WHAT THE TASK REQUIRES ::
Return the data below exactly, minus the pictures.

Start of SUPPLIED MATERIAL

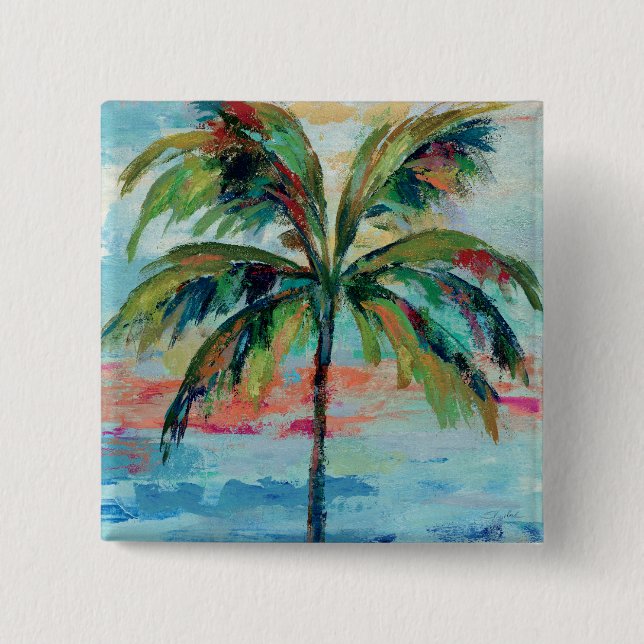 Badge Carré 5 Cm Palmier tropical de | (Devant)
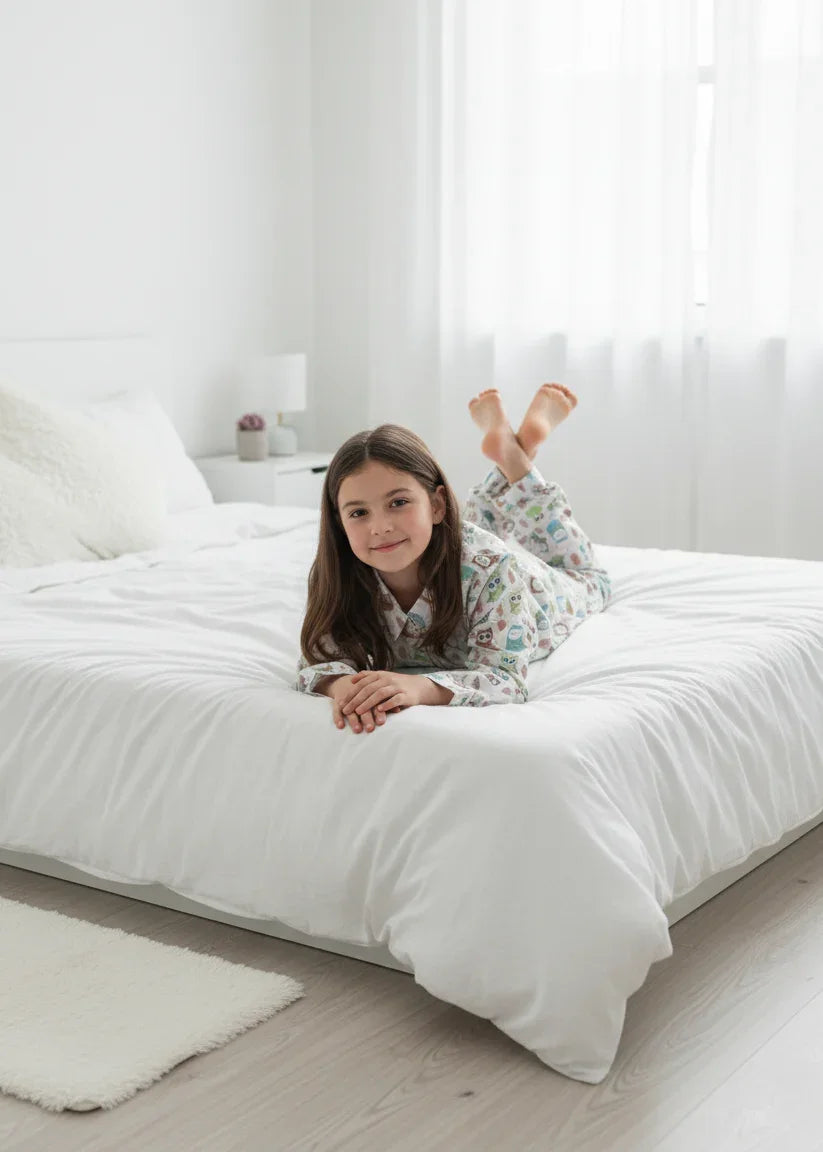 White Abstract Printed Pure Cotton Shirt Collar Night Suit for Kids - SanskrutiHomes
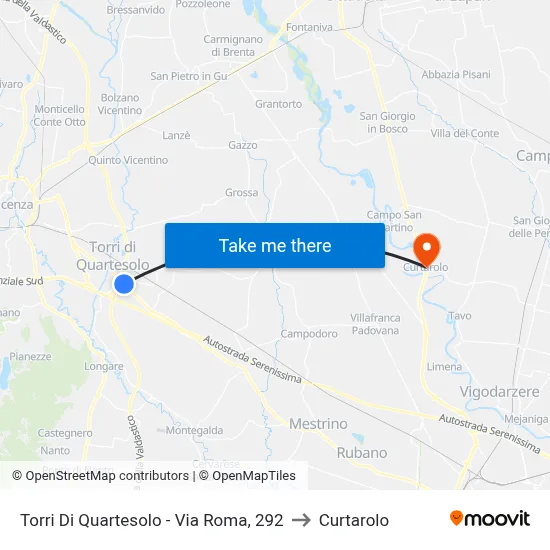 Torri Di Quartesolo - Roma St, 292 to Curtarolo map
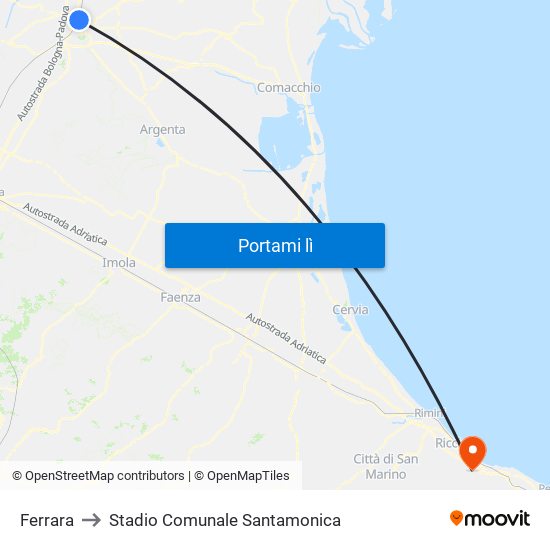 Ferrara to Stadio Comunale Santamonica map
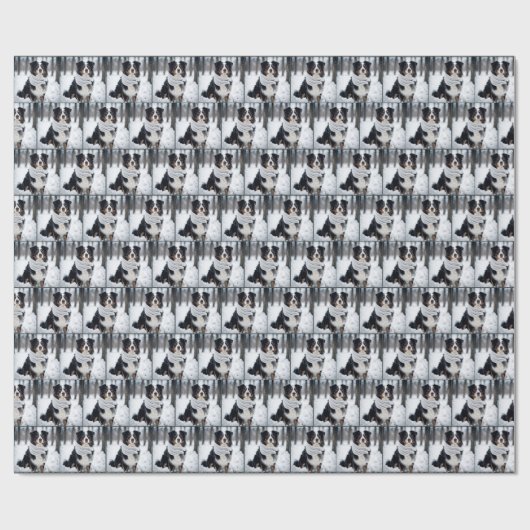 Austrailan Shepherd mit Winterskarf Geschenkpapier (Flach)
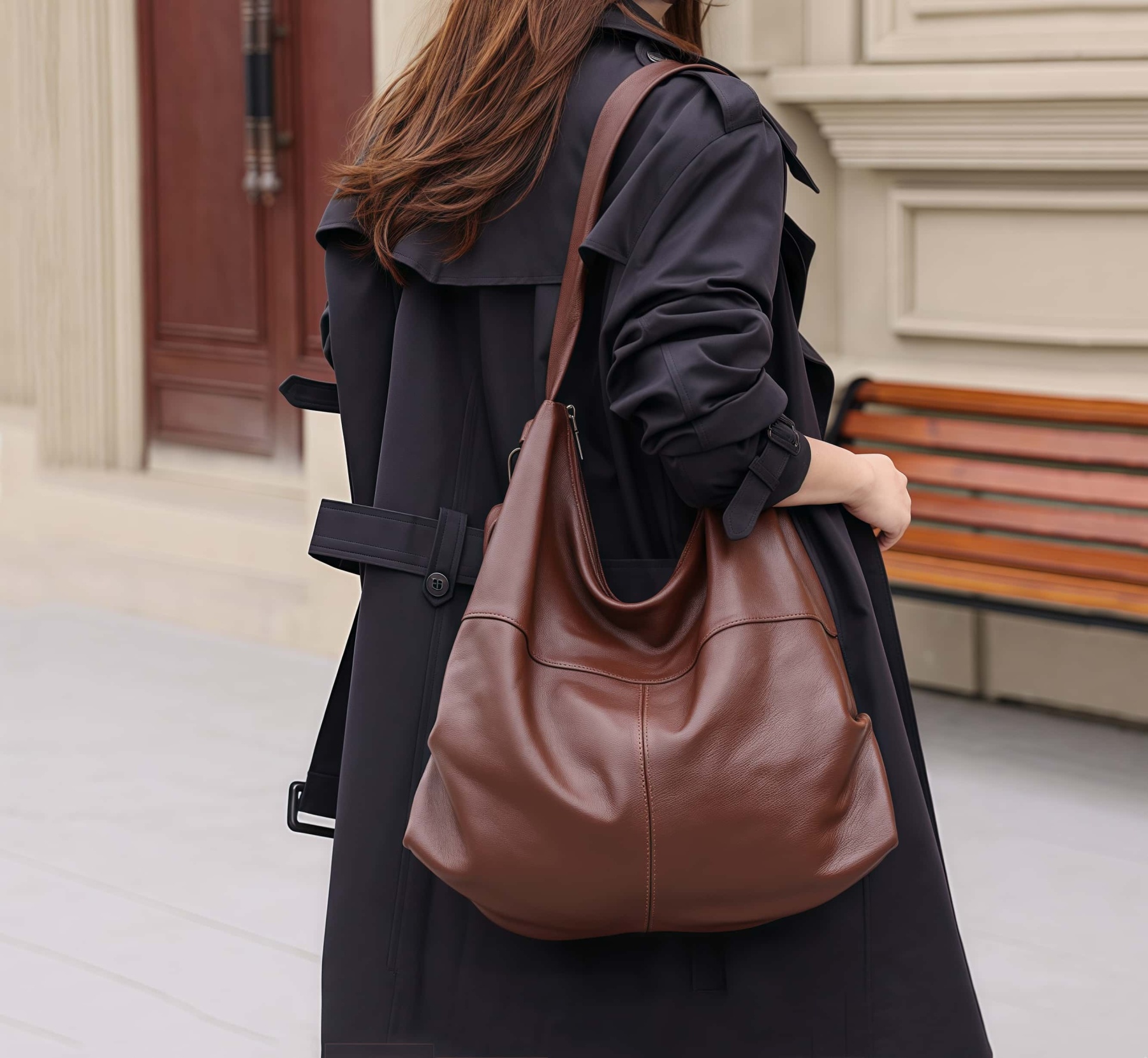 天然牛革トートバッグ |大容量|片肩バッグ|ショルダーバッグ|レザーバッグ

End of SUPPLIED MATERIAL

SOLUTION TO THE EXERCISE ::
 Badge Carré 5 Cm Palmier tropical de | (Devant)
 White Abstract Printed Pure Cotton Shirt Collar Night Suit for Kids - SanskrutiHomes
 Torri Di Quartesolo - Roma St, 292 to Curtarolo map
 Ferrara to Stadio Comunale Santamonica map
 Austrailan Shepherd mit Winterskarf Geschenkpapier (Flach)
 天然牛革トートバッグ |大容量|片肩バッグ|ショルダーバッグ|レザーバッグ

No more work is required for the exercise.